Step-by-step explanation:

1.f(x)=\frac{x^2+x-20}{x^2+4}

The denominator of f is defined for all real values of x

Therefore, the function is continuous on the set of real numbers

\lim_{x\rightarrow 5}\frac{x^2+x-20}{x^2+4}=\frac{25+5-20}{25+4}=\frac{10}{29}=0.345

3.h(x)=\frac{3x-5}{x^2-5x+7}

x^2-5x+7=0

It cannot be factorize .

Therefore, it has no real values for which it is not defined .

Hence, function h is defined for all real values.

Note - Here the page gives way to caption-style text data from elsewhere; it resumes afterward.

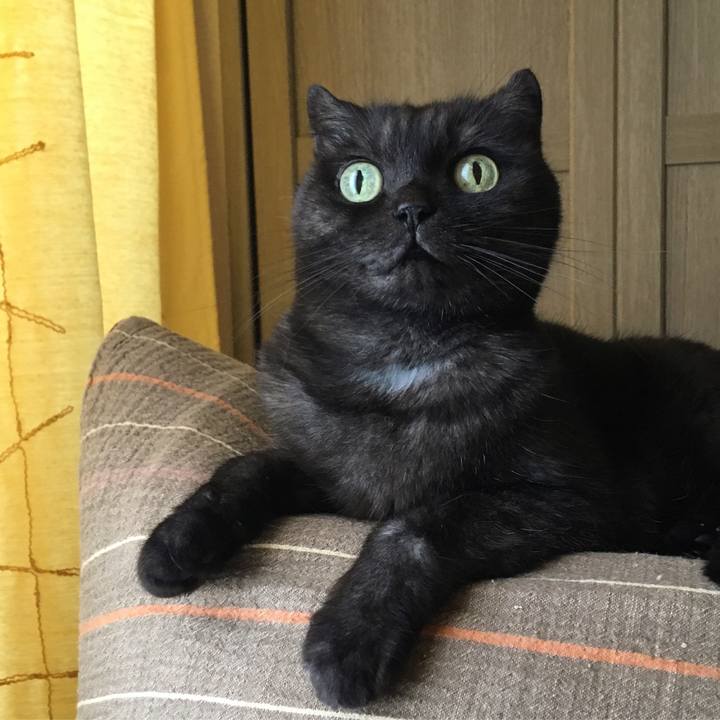 Ed91bf50 aa16 465f 921f 2ec9c1ece990 1533353154067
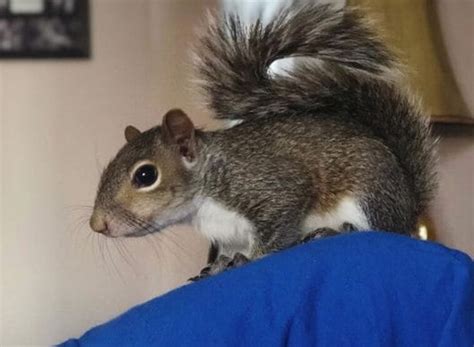 300+ Squirrel Names (Cute, Funny, & Famous Disney Nicknames)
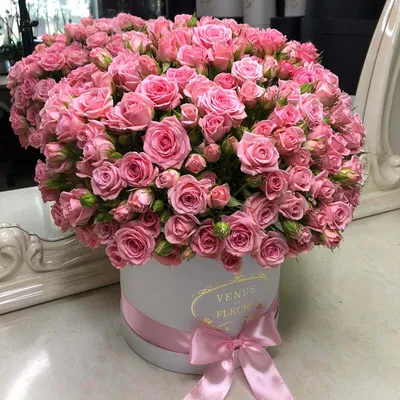 Красные розы в коробке (XS) 23-25 роз - купить в интернет-магазине Rosa  Grand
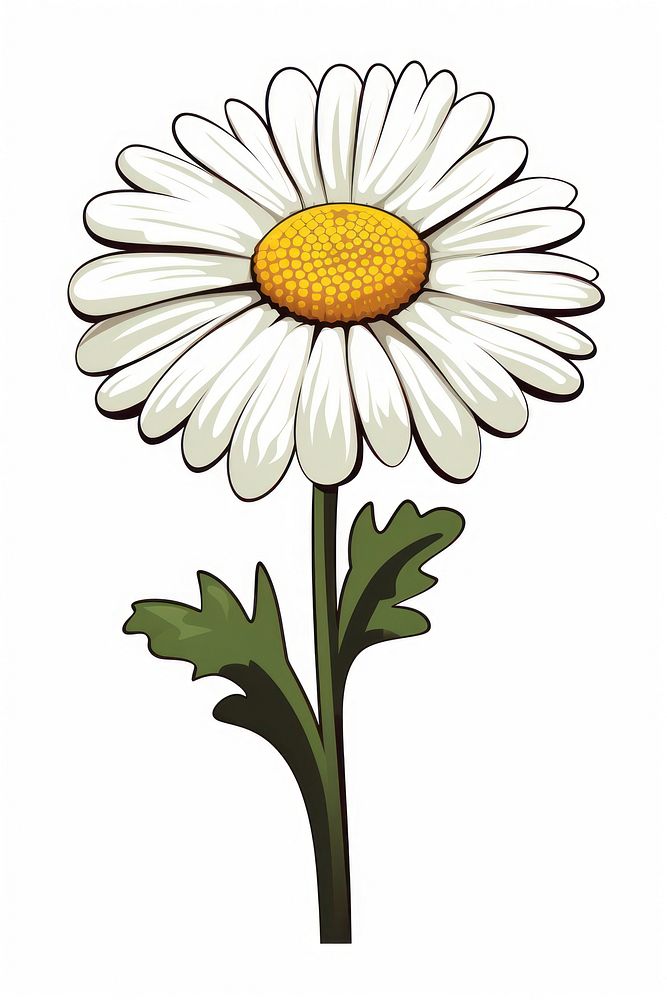 Daisy Clip art cartoon flower plant.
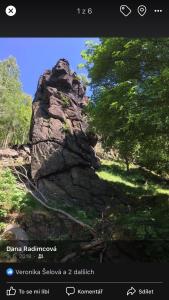 Príroda v okolí apartmánu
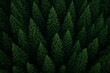 © Space Priest - Lush green coniferous forest aerial view with dense evergreen trees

\lim_{x\rightarrow 5}\frac{3x-5}{x^2-5x+7}=\frac{15-5}{25-25+7}=\frac{10}{7}=1.43

2.g(x)=\frac{x-17}{x^2+75}

The denominator of g is defined for all real values of x.

Therefore, the function g is continuous on the set of real numbers

\lim_{x\rightarrow 5}\frac{x-17}{x^2+75}=\frac{5-17}{25+75}=\frac{-12}{100}=-0.12

4.i(x)=\frac{x^2-9}{x-9}

x-9=0

x=9

The function i is not defined for x=9

Therefore, the function i is  not continuous on the set of real numbers.

5.j(x)=\frac{4x^2-7x-65}{x^2+10}

The denominator of j is defined for all real values of x.

Therefore, the function j is continuous on the set of real numbers.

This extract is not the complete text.